NEWS

Tinkering with B-1 bombers at air base in Oklahoma

Silas Allen

TINKER AIR FORCE BASE — After spending more than a decade prowling the skies above southwest Asia, the U.S. Air Force's fleet of B-1 Lancers is coming off the front lines to Oklahoma for much-needed upgrades.

Department of Defense officials announced plans last month to pull the B-1 from its current fight, against the Islamic State, and replacing it with other bombers, including the B-52 Stratofortress.

Meanwhile, the fleet of more than 60 B-1s is coming to Tinker Air Force Base for upgrades that officials say will make the four-engine supersonic bomber deadlier when they return to the battlefield.

The move also gives the crews that keep the B-1 in the air their first break from high-intensity combat operation in 11 years.

“We've been working them pretty hard,” said Col. Timothy Dickinson, the B-1 and B-52 system program manager at Tinker.

Although its official nickname is the Lancer, the B-1 is known lovingly as the Bone — a mashup of “B One.” Originally designed as a nuclear strike plane, the B-1 has spent the last decade bombarding enemy targets in Iraq, Syria and Afghanistan.

Jeff Vaughan, the B-1 chief engineer at Tinker, said the upgrades represent the largest modification the plane has undergone since it was introduced in the 1980s.

The biggest piece of the upgrade is a so-called Integrated Battle Station, a display system that features moving maps and a new diagnostics system. The new system allows all members of the crew to see the same image on their display screens, Vaughan said, making it easier to communicate with one another.

The upgrade also includes a data link to the plane, allowing the B-1 crew to communicate more easily with troops on the ground and to receive target coordinates automatically. Before the upgrade, airmen received those coordinates over an intercom and entered them into the plane's weapons system manually.

That upgrade is designed to shorten what airmen call the “kill chain” — the number of steps between identifying a target and destroying it, Dickinson said.

The plane's new automated systems will make the B-1 a quicker, deadlier weapon, allowing it to destroy targets that previously might have had time to escape, Dickinson said.

Deployment break

The B-1s current mission is a far cry from its original purpose. The plane was designed in the 1970s, at the height of the Cold War, as a replacement for the B-52. Although it originally was meant to carry nuclear weapons into the heart of the Soviet Union, the B-1 was converted into a conventional bomber in the 1990s.
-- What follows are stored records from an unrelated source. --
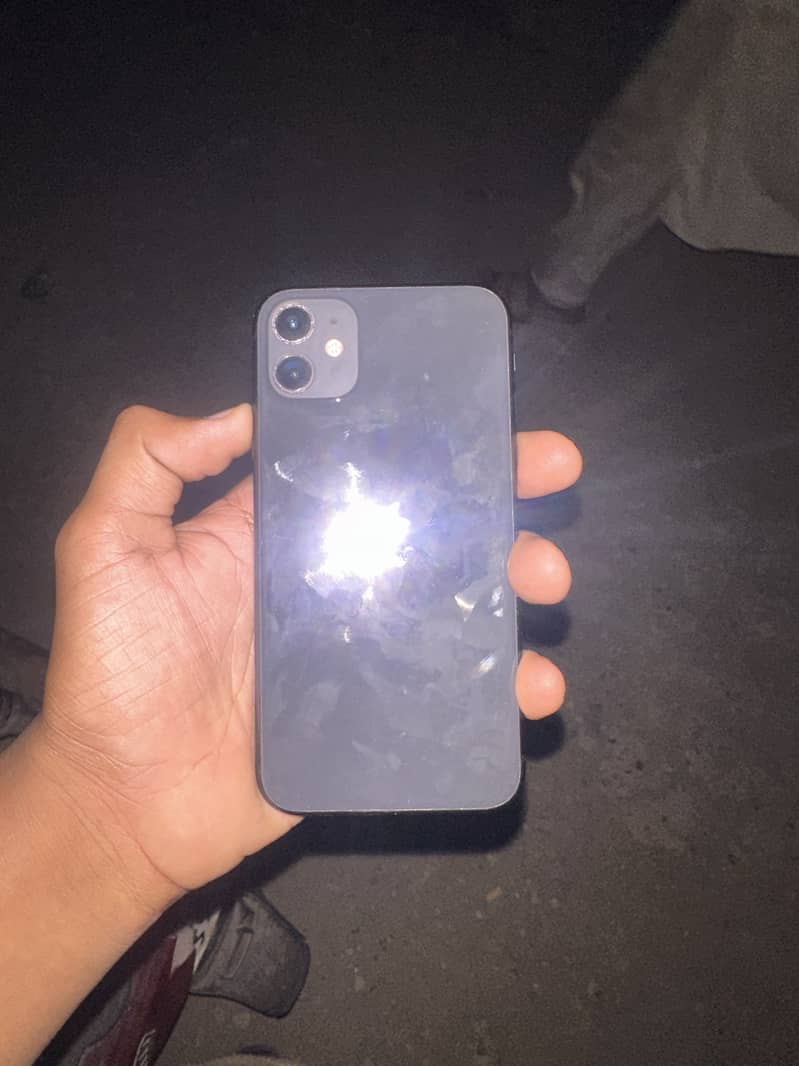 Apple iPhone 11 1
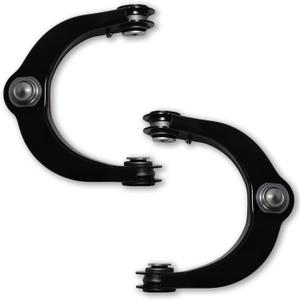 2PCS Front Upper Control Arm K621608 K621607 Compatible with Dodge 2011 2012 2013 2014 2015 Durango, Fit for Jeep 2011-2015 Grand Cherokee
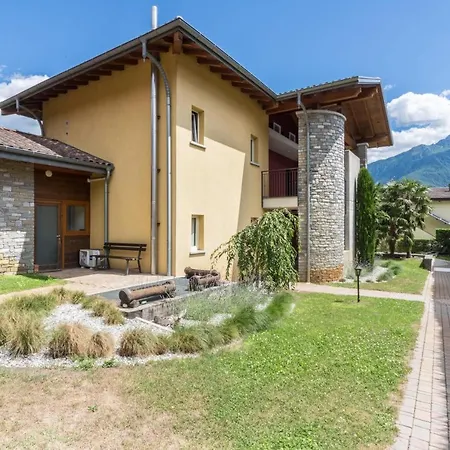 Appartamento Casa Federico Sorico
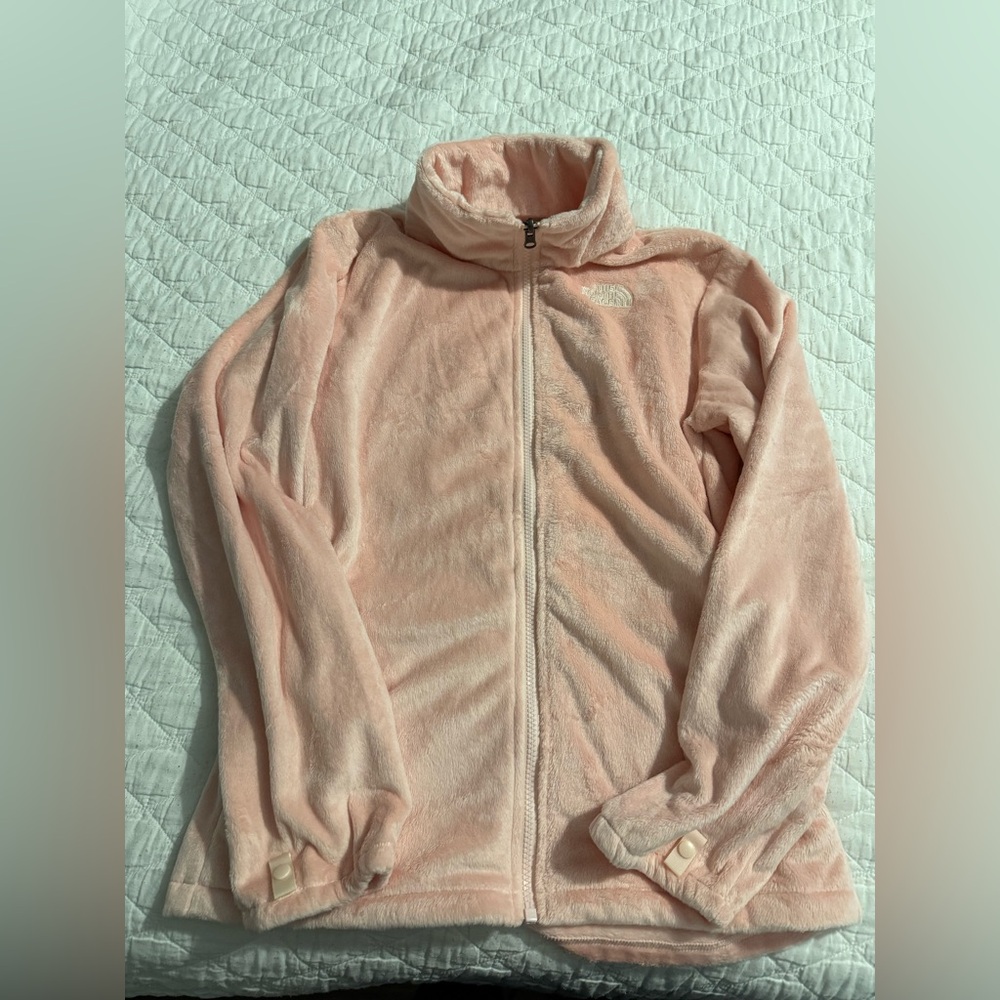 Brand new fleece north face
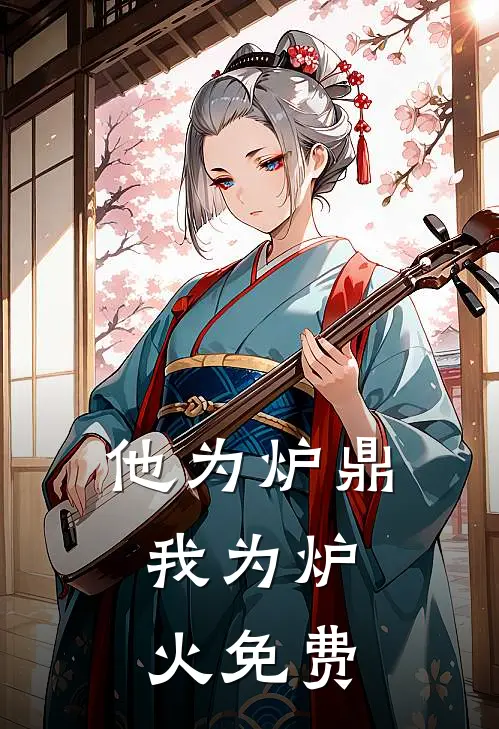他为炉鼎,我为炉火免费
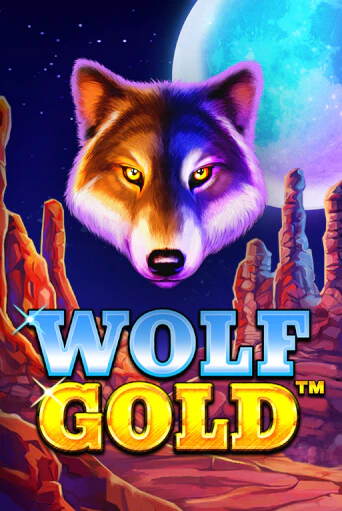 Wolf Gold™ бесплатно играть онлайн на сайте Онлайн Казино Гранд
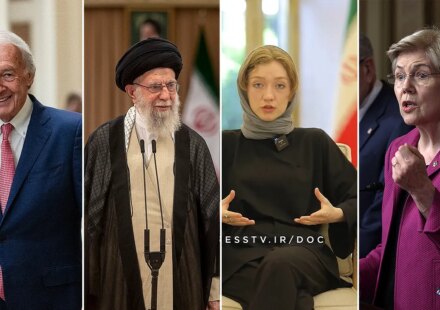 High-profile Dem activist praises Khamenei as greatest leader of her lifetime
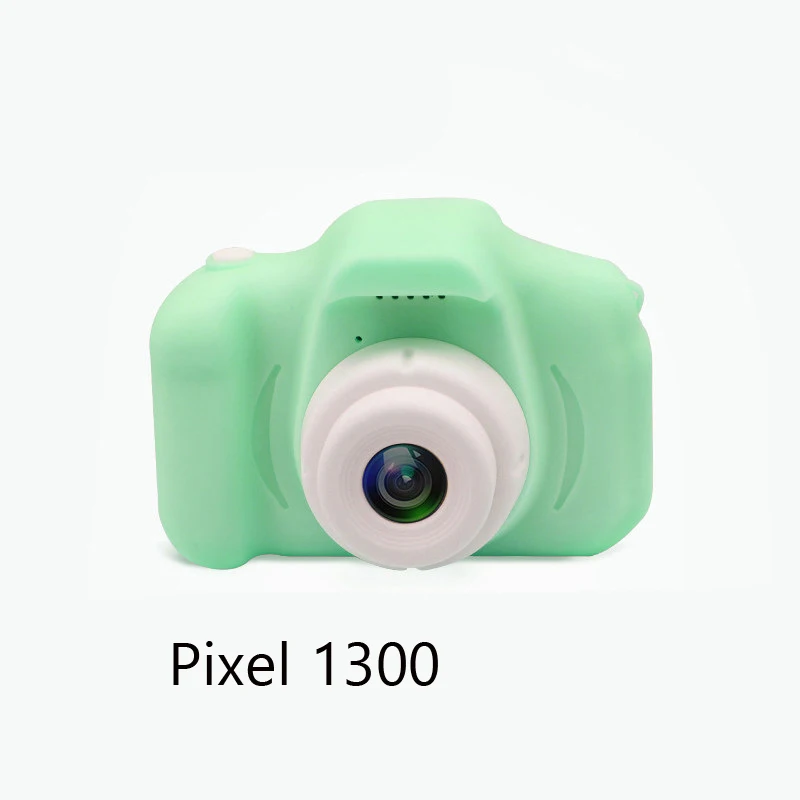 Цифровая мини-камера для мальчиков и девочек детская игрушка с высоким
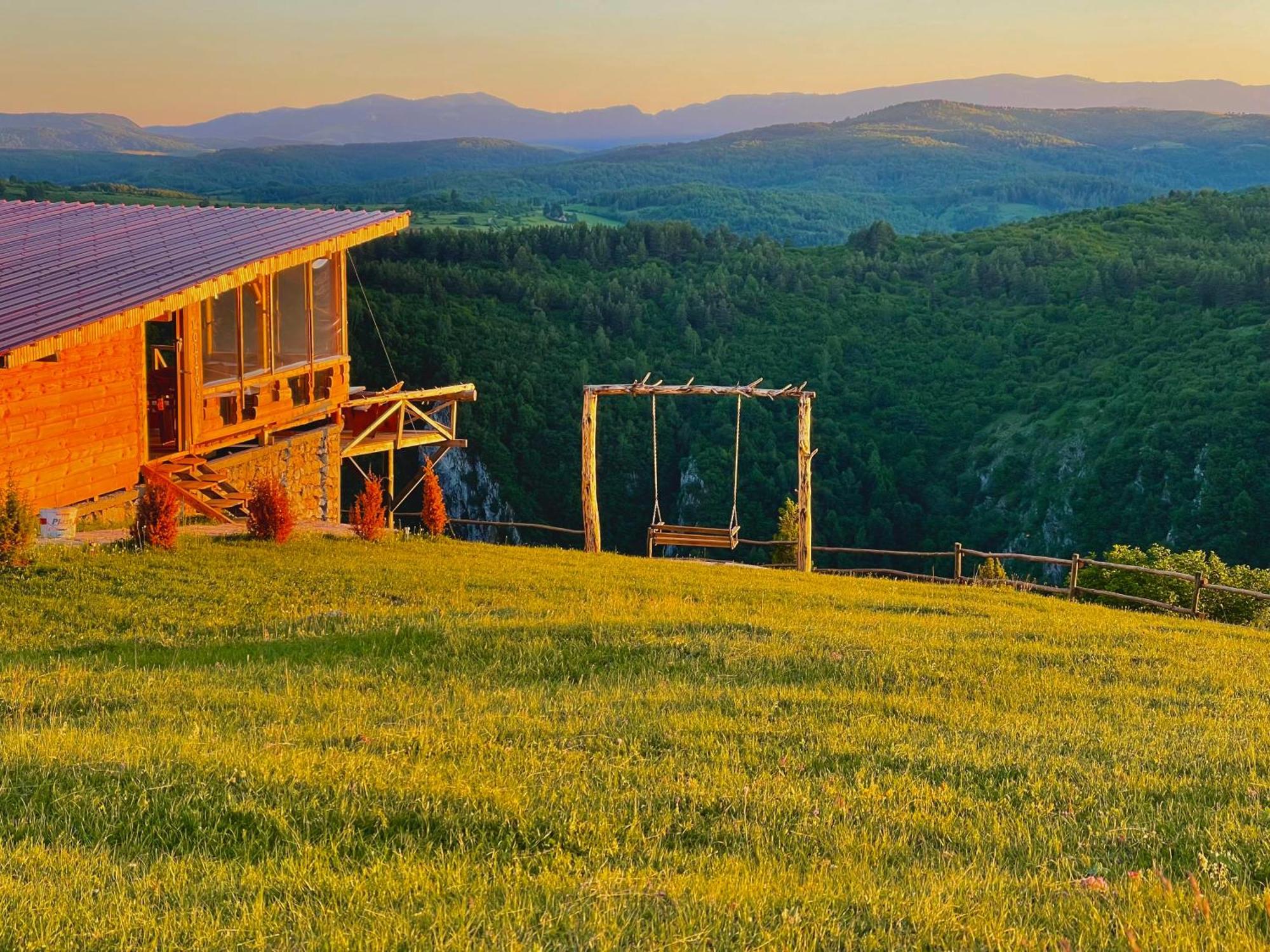 Ethno Village Molitva Druzinice Екстериор снимка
It wasn't used in combat until Operation Desert Fox, a four-day bombing campaign in Baghdad, Iraq, in 1998. The following year, the bomber played a role in the NATO bombing of Yugoslavia.

While the planes are being upgraded at Tinker, flight crews at South Dakota's Ellsworth Air Force Base and elsewhere are training on simulators designed to familiarize them with the tools they'll be using once the upgrades are complete. Col. Gentry Boswell, commander of Ellsworth's 28th Bomb Wing, said the upgrade represents one of only a few times in Air Force history when airmen have been able to train on simulators before the unit's planes arrive on base.

Although the upgrade program began in late 2012, last month's announcement allows crews at Tinker's 76th Aircraft Maintenance Group to upgrade every plane in the fleet, rather than refitting each one as it returns from deployment.

Since 2005, B-1 Lancer units have been deployed continuously to a 20-nation region in southwestern and south-central Asia, including Iraq, Syria and Afghanistan. As B-1 units returned home, they were replaced by other B-1 units.

That continuous deployment has taken its toll, both on the planes themselves and the crews that fly and maintain them, Dickinson said. By pulling them out of combat temporarily, the Air Force can do more thorough maintenance and upgrades, he said.

“We can do some more extensive repairs here than we can when we're deployed,” Dickinson said.